▶ [Exercise]
Reproduce exactly, with no pictures, each line from the opening of the material down through the line containing "07-17 Lexus LS460".

▶ [Input data]
- - -

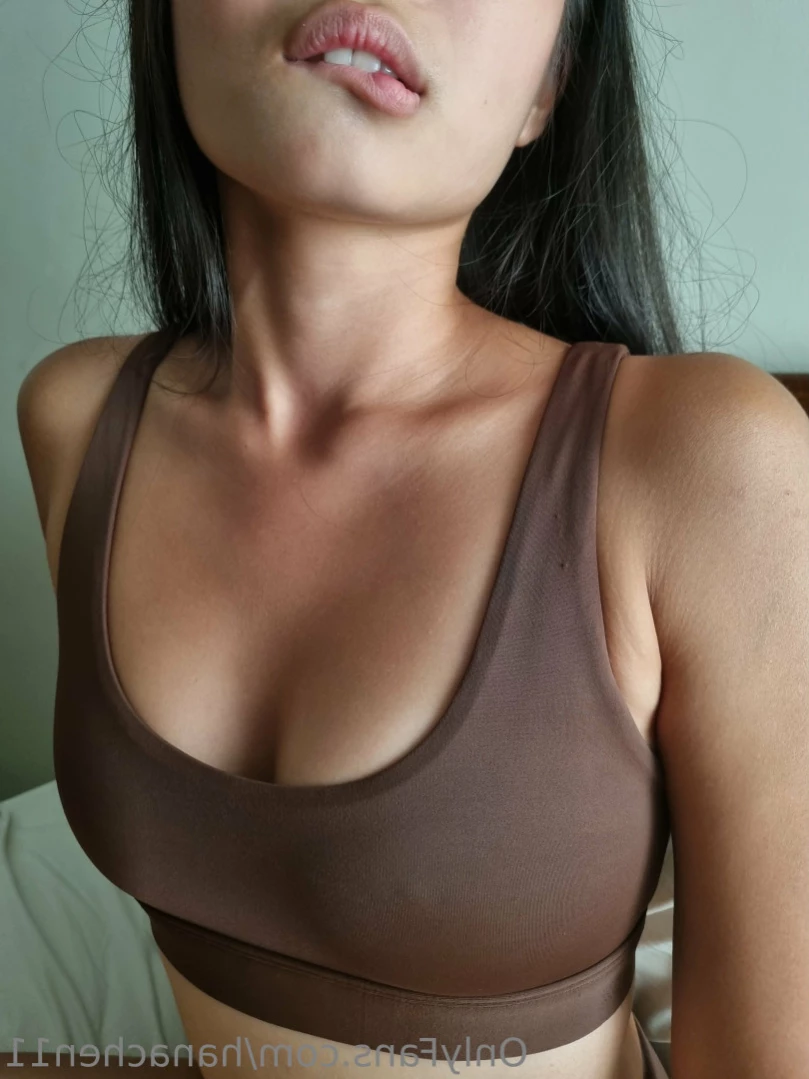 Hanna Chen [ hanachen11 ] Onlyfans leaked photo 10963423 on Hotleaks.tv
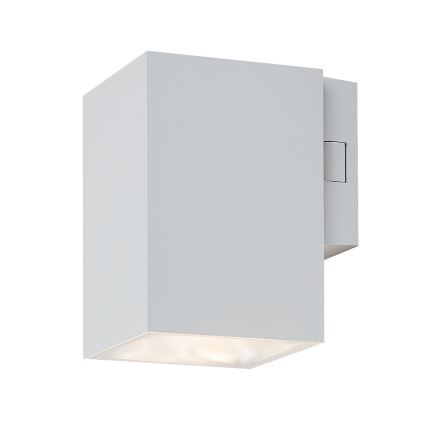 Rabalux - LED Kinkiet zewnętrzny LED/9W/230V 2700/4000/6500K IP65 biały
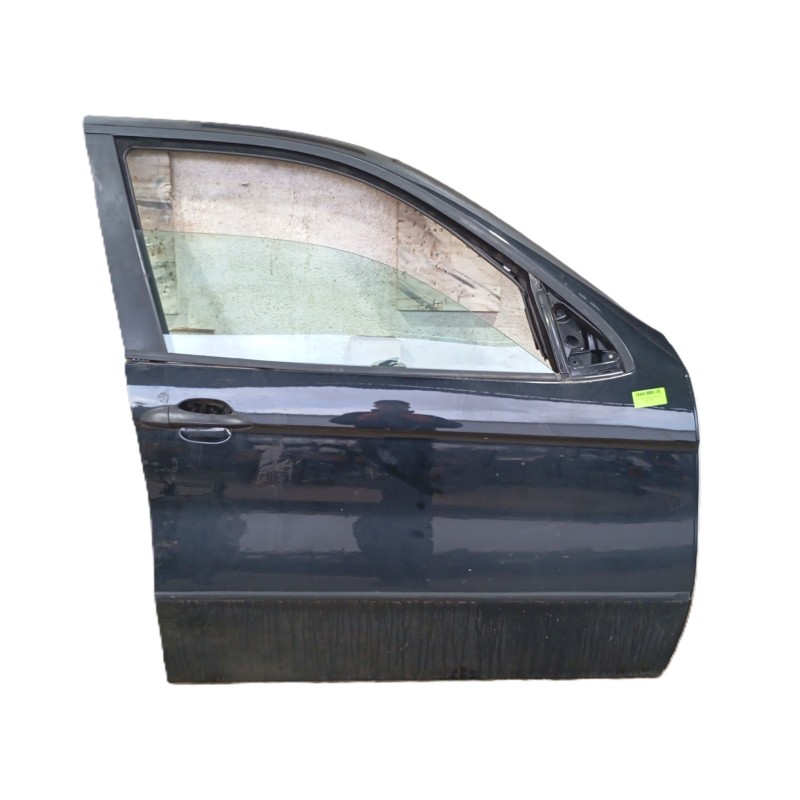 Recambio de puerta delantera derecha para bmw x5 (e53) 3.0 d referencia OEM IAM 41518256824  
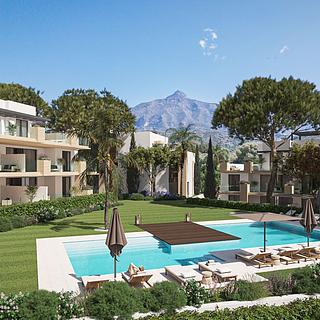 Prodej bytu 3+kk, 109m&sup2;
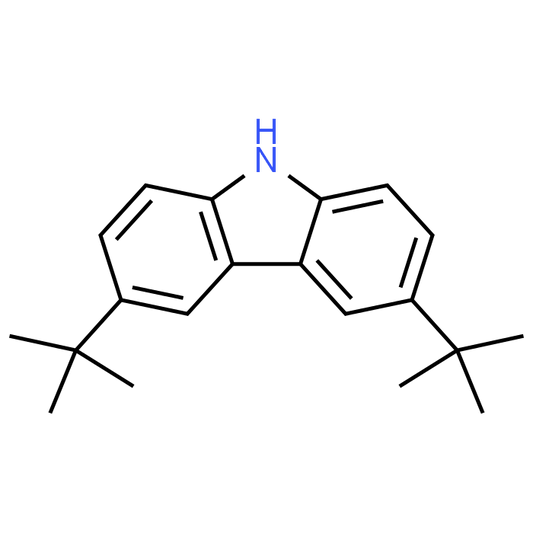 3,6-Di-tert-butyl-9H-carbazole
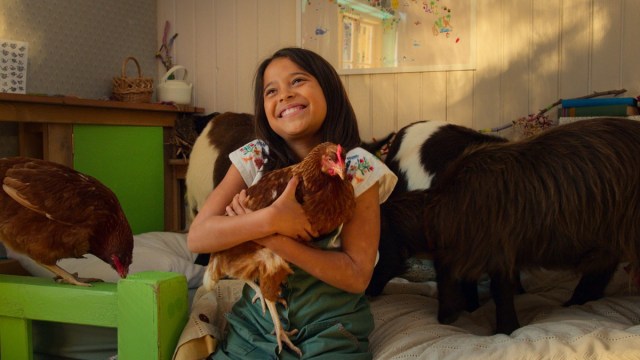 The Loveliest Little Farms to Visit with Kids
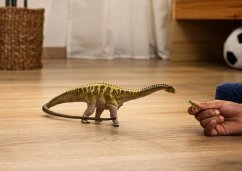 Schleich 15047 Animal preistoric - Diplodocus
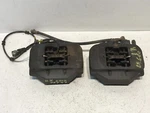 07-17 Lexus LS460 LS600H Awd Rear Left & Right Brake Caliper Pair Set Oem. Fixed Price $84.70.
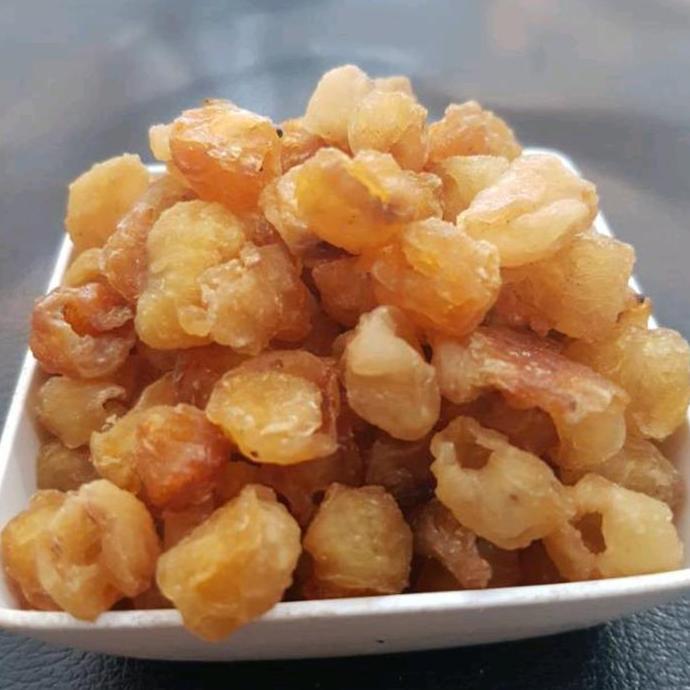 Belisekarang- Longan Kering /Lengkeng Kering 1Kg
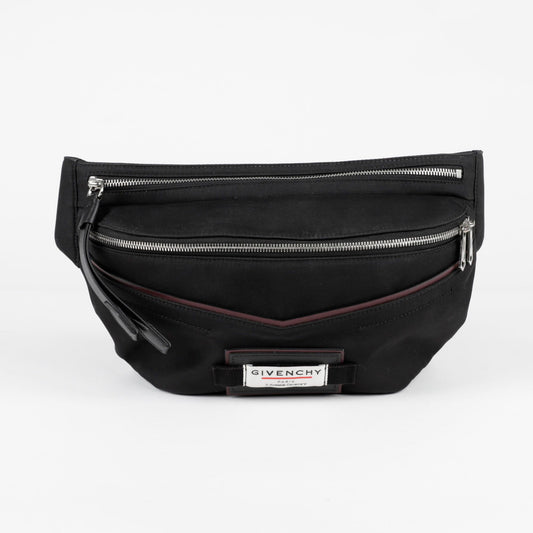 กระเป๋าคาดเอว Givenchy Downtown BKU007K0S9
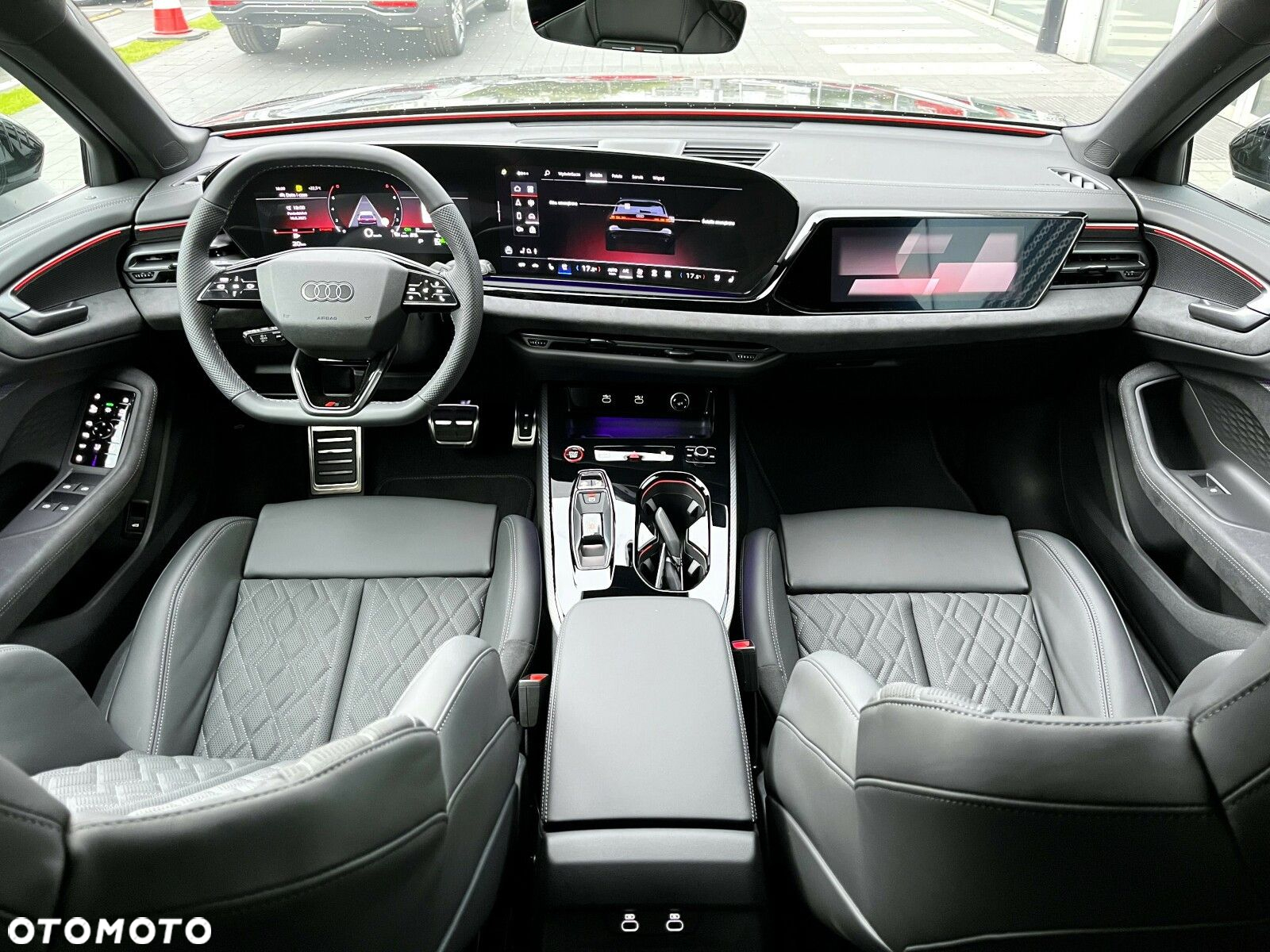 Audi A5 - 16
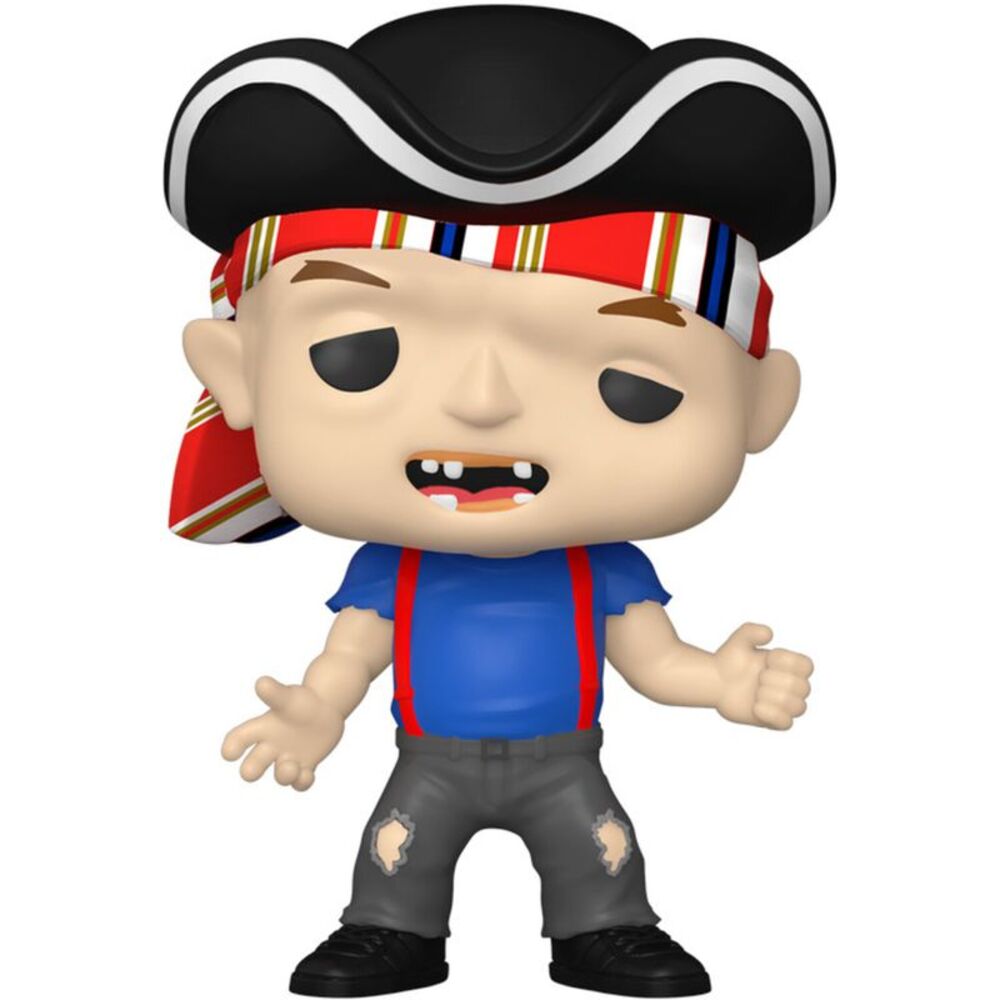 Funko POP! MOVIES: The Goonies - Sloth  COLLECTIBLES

- - -

▶ [Written response]
 Hanna Chen [ hanachen11 ] Onlyfans leaked photo 10963423 on Hotleaks.tv
 Rabalux - LED Kinkiet zewnętrzny LED/9W/230V 2700/4000/6500K IP65 biały
 Recambio de puerta delantera derecha para bmw x5 (e53) 3.0 d referencia OEM IAM 41518256824  
 Prodej bytu 3+kk, 109m&sup2;
 3,6-Di-tert-butyl-9H-carbazole
 The Loveliest Little Farms to Visit with Kids
 Schleich 15047 Animal preistoric - Diplodocus
 07-17 Lexus LS460 LS600H Awd Rear Left & Right Brake Caliper Pair Set Oem. Fixed Price $84.70.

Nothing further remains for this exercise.